:: Data segment

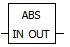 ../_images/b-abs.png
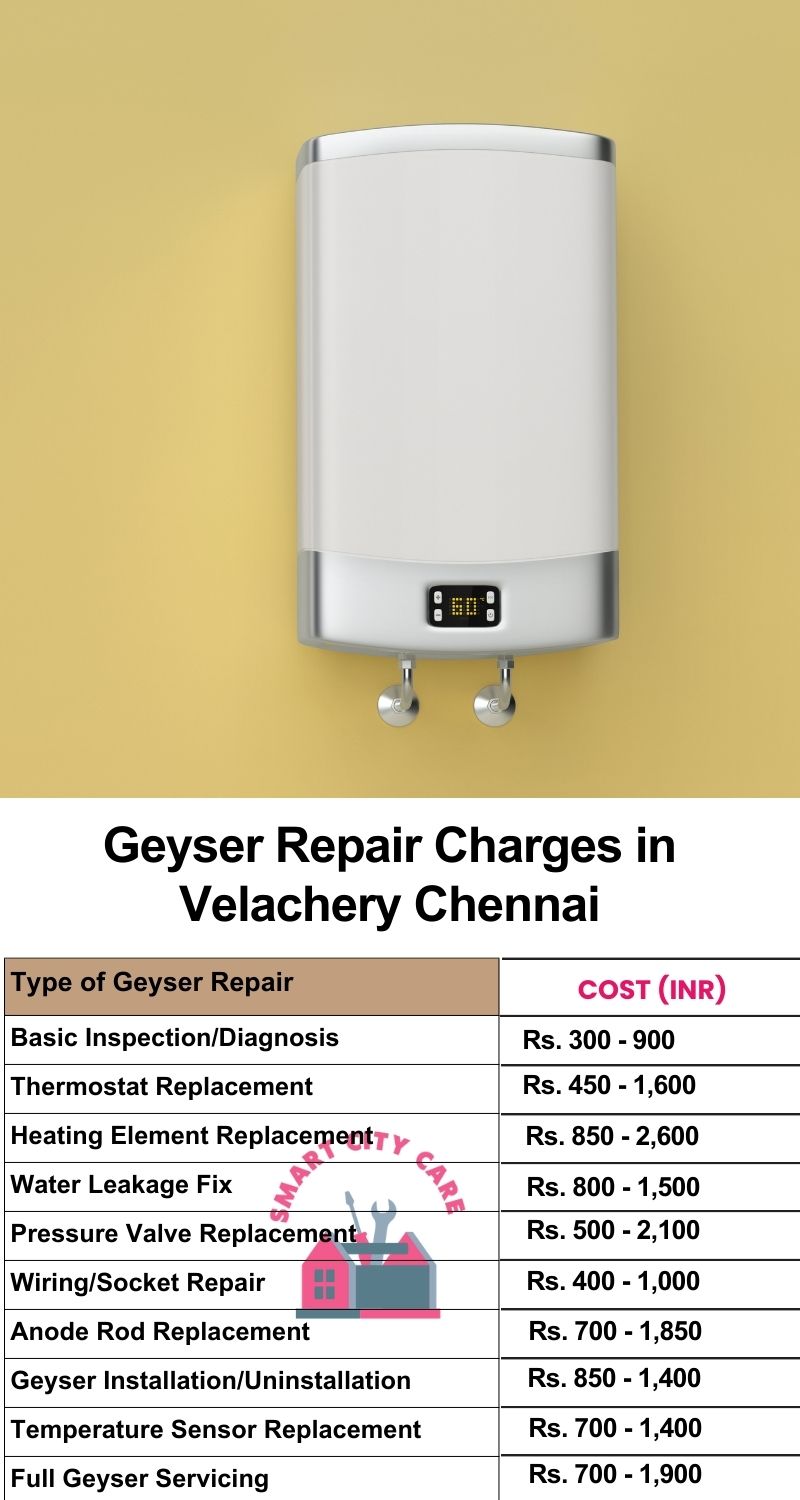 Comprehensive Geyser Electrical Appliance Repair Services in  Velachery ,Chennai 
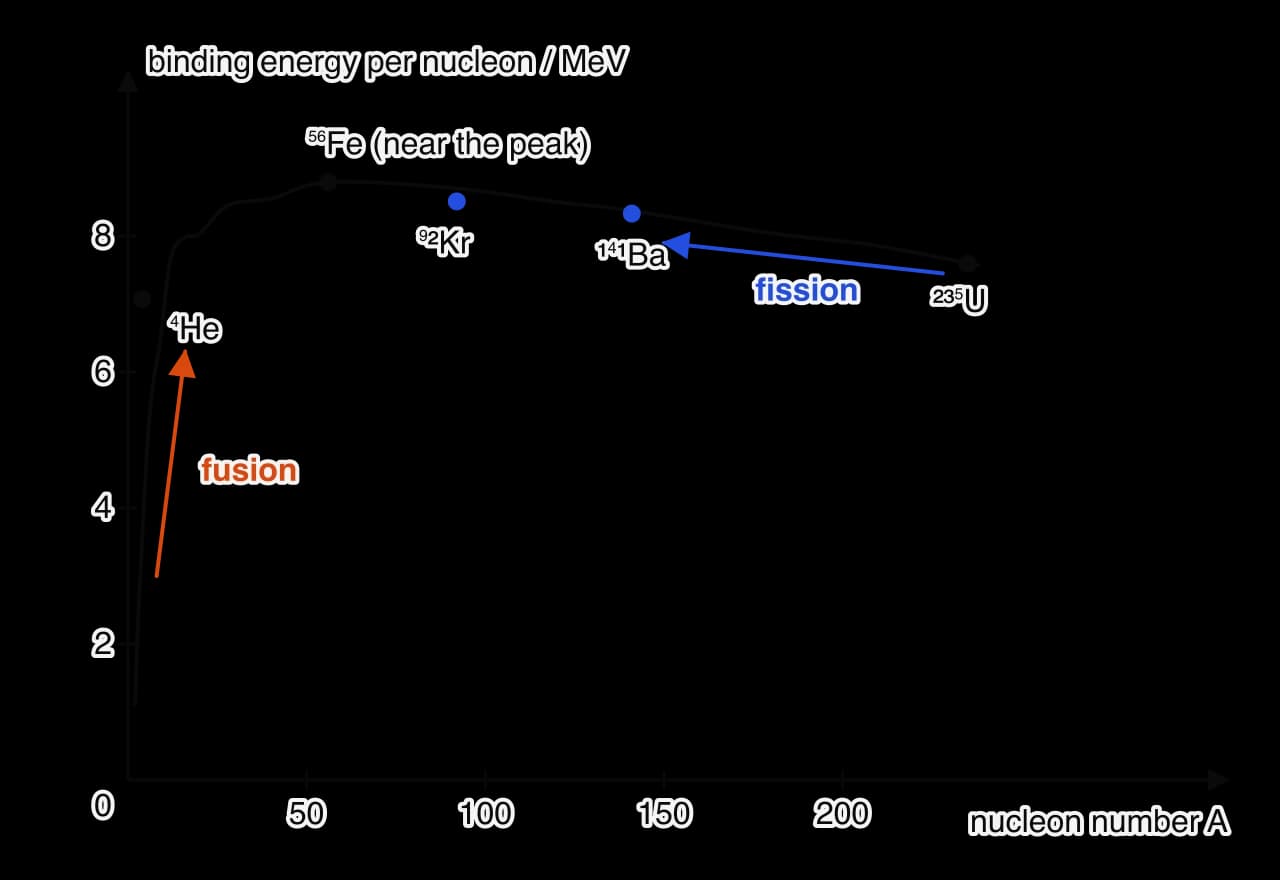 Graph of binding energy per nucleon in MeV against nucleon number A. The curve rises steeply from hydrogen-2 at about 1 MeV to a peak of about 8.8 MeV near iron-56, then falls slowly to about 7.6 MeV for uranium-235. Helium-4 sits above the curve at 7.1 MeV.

::::

Write out the data above in full and exactly, but not the pictures.

 ../_images/b-abs.png
 Comprehensive Geyser Electrical Appliance Repair Services in  Velachery ,Chennai 
 Graph of binding energy per nucleon in MeV against nucleon number A. The curve rises steeply from hydrogen-2 at about 1 MeV to a peak of about 8.8 MeV near iron-56, then falls slowly to about 7.6 MeV for uranium-235. Helium-4 sits above the curve at 7.1 MeV.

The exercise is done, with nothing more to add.